INFORMATION SUPPLIED

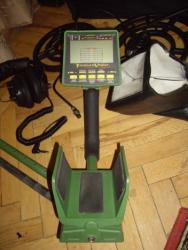 post-4951-0-25065700-1295711324_thumb.jp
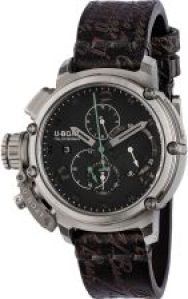 U-Boat 8528
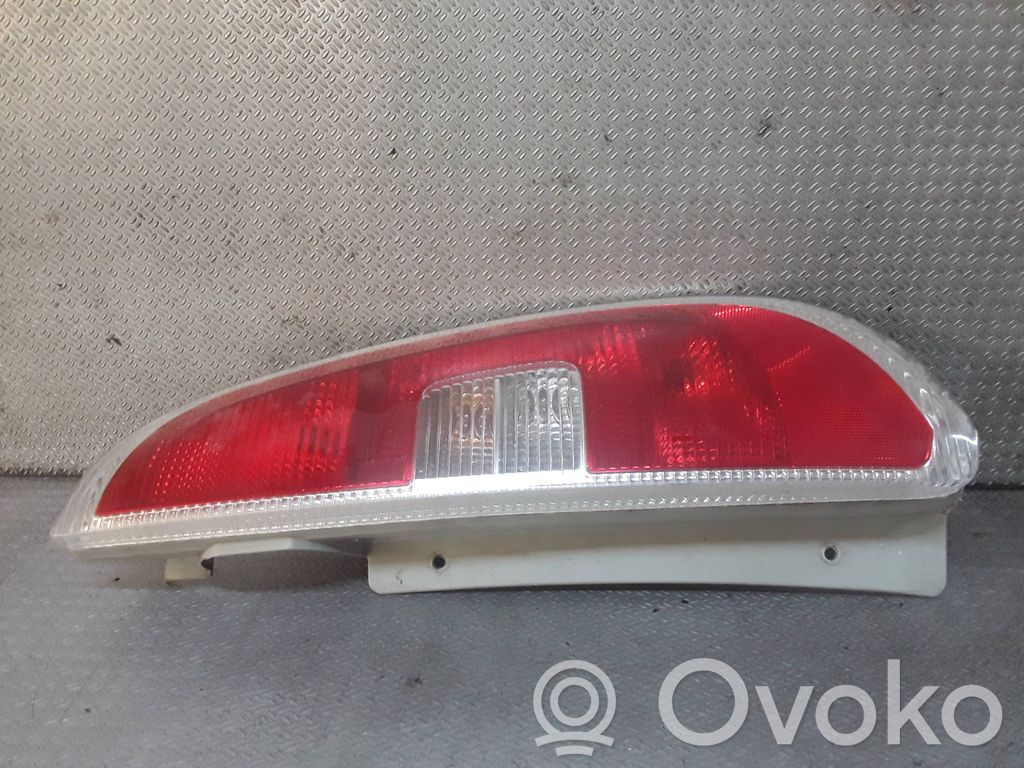 Takavalot   5J7945096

YOUR GOAL
Go through the lines above and write each one out verbatim, skipping the pictures.

ANSWER TO THIS PROBLEM
 post-4951-0-25065700-1295711324_thumb.jp
 U-Boat 8528
 Takavalot   5J7945096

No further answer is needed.